Не получилось. Поэтому ночью мне опять снились кошмары…
…Наутро я чувствовал себя разбитым и подавленным. Мигрень настолько беспощадно пульсировала в висках, что мысли о чем-то, кроме срочного обезболивания, не имели никаких шансов задержаться в моей измученной голове. Поэтому, едва поднявшись с кровати, я с нетерпением подошел к своему столу и выдвинул нижний его ящик (там хранились лекарства). В нем я небезосновательно рассчитывал обнаружить настойку опиума, прописанную мне Доктором от невроза, ведь в прошлом месяце целебное зелье мной было закуплено с огромным запасом.
Получается, я уже все выпил, и по пути на работу придется заглянуть в аптечную лавку.
Попрощавшись с возлюбленной моей Верой и Солдатом, я вышел на черно-серые улицы вечно черного и серого Города.

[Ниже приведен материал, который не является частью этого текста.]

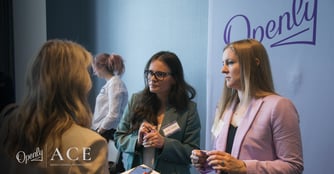 Danielle Clifford and Danielle Wyman talk to an independent agent at ACE. 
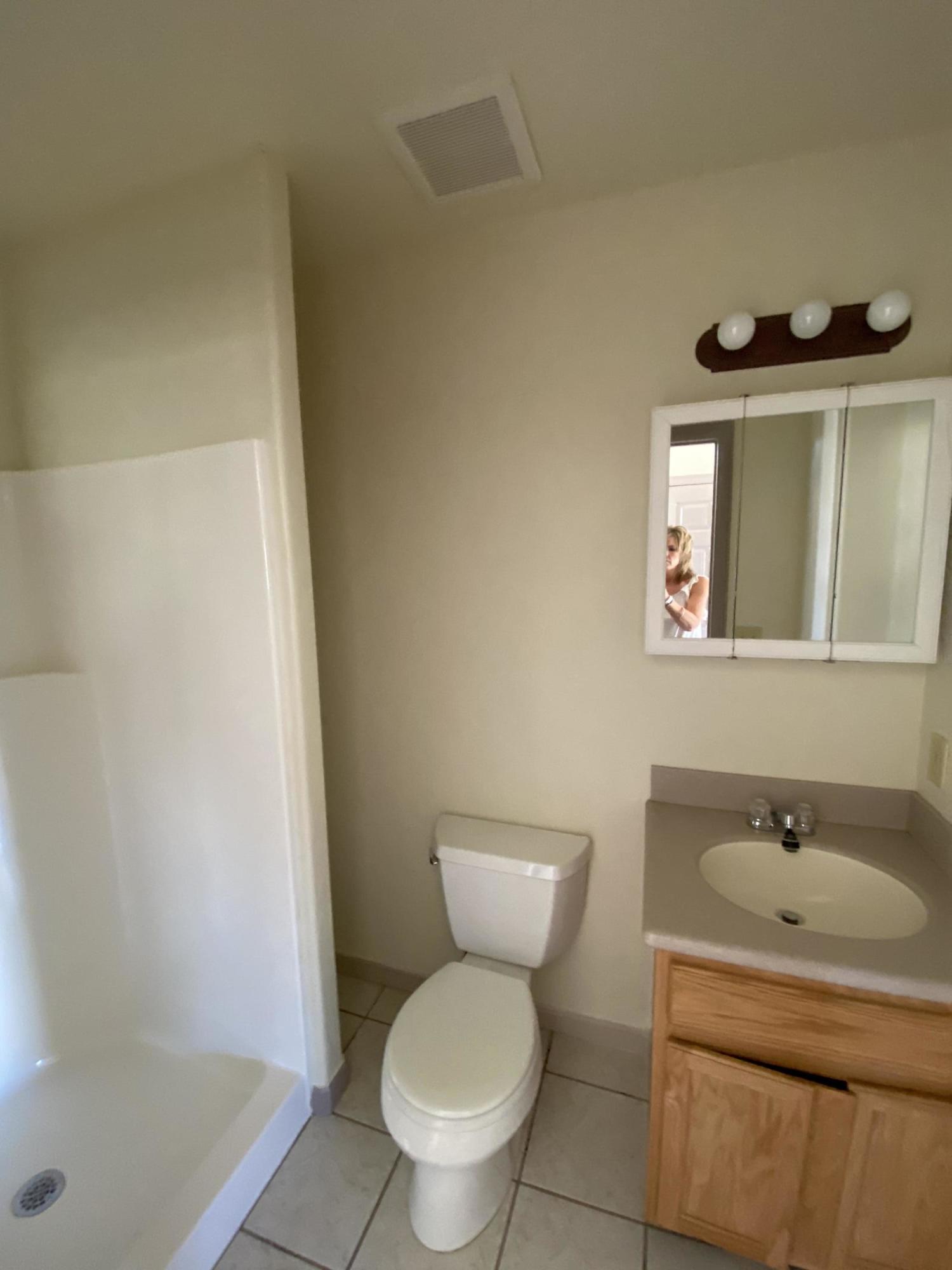 658 Cindys Way Rifle, CO 81650 - Photo 22 of 30 a white toilet sitting next to a bathroom sink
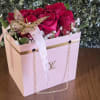 Pink roses in a decorative gift box with a ribbon and butterfly ornament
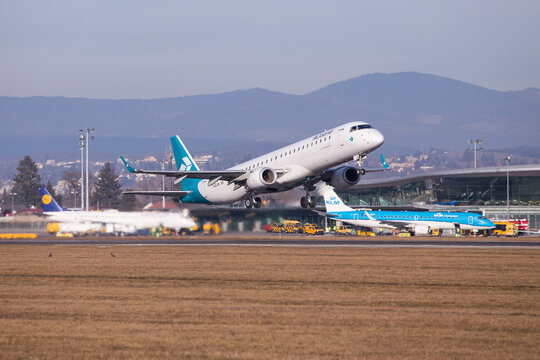 Air Dolomiti airplane departing aerodrome Graz for a flight to Munich with airport buildings and other airplanes on the apron in the background 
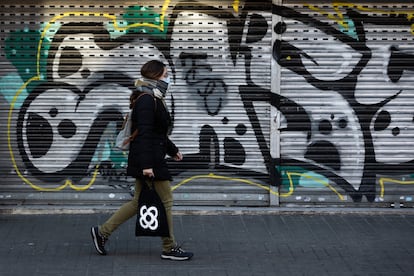 Una mujer camina por una de las aceras laterales de Rambla de Badal mientras pasa por delante de una persiana pintada con un graffiti.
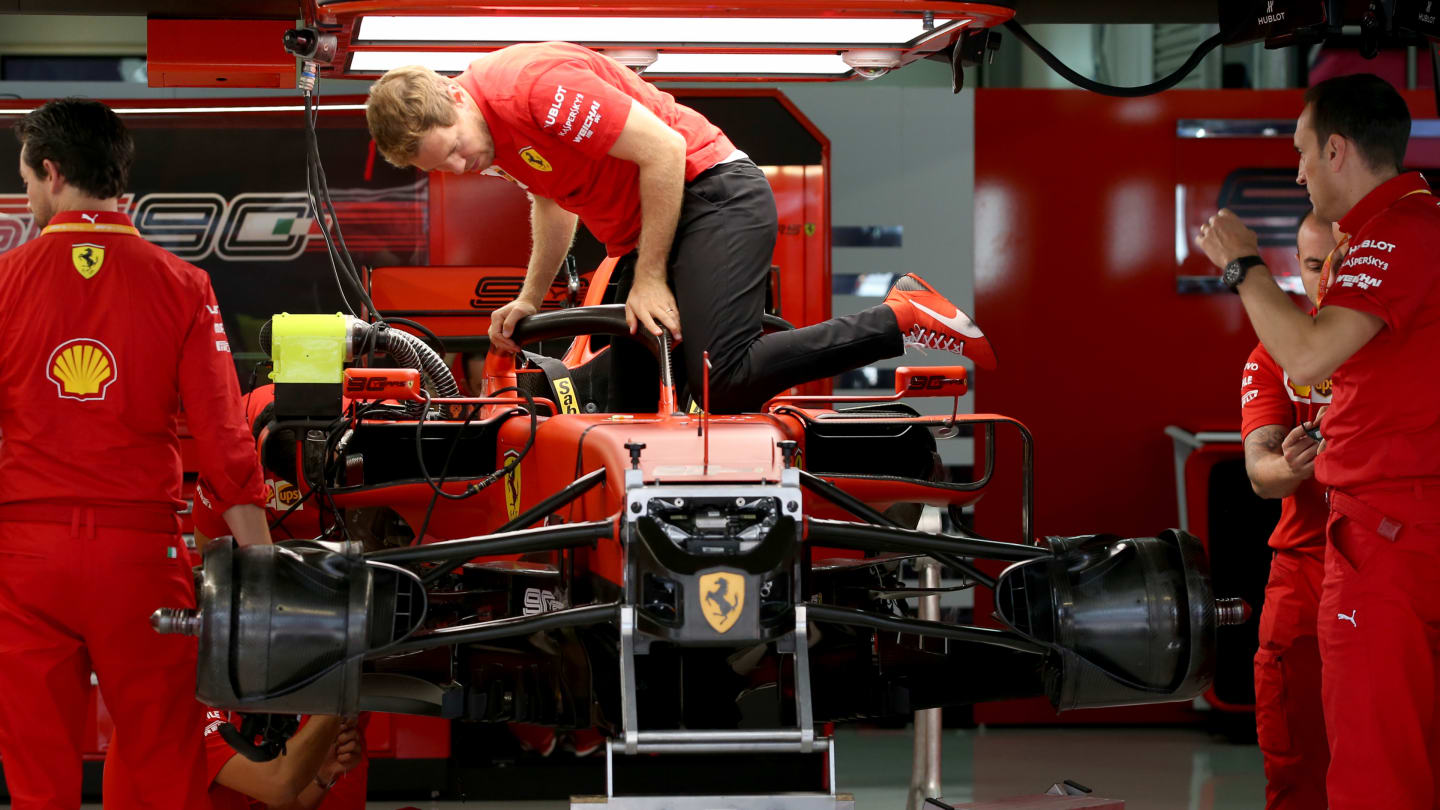SOCHI, RUSSIA - SEPTEMBER 26: Sebastian Vettel of Germany and Ferrari climbs into his car in the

Мы живем в районе Речного проспекта – главной и самой красивой улицы Города. В аптечную лавку я шел именно по ней. И, идя, ловил на себе осуждающие взгляды прохожих. Не знаю почему, но когда меня одолевает мигрень, и я спешу за лекарством, зеваки останавливают на мне укоризненные взоры и сопровождают ими. Причем совершенно не важно, какого рода эти зеваки – дворяне ли, бедняки ли, клерки ли, уличные музыканты ли, явные жулики ли, – все они смотрят обвинительно. Это неприятно, но я утешаюсь мыслью, что мои наблюдения, вероятно, ложны, поскольку невроз может искажать восприятие действительности.
Каменные горгульи тоже провожают меня своими темными глазами, хищно смотря с высоты зданий, мрачной эстетикой архитектуры столь притягательных для приезжих.
Кстати, я точно знаю: каменные горгульи вовсе не каменные, а лишь прикидываются таковыми. Они ждут, когда я окончательно ослабну, чтобы сорваться со своих стен, без сопротивления добить меня и насытиться умерщвленной плотью.
Они ждут. Но они не дождутся…
…Новый аптекарь оказался тем еще бюрократишкой. Он внимательно прочитал рецепт и спросил, зачем мне так много бутылок настойки. В рецепте, мол, сказано принимать пять-шесть капель в день, а значит, одной бутылки должно хватить надолго.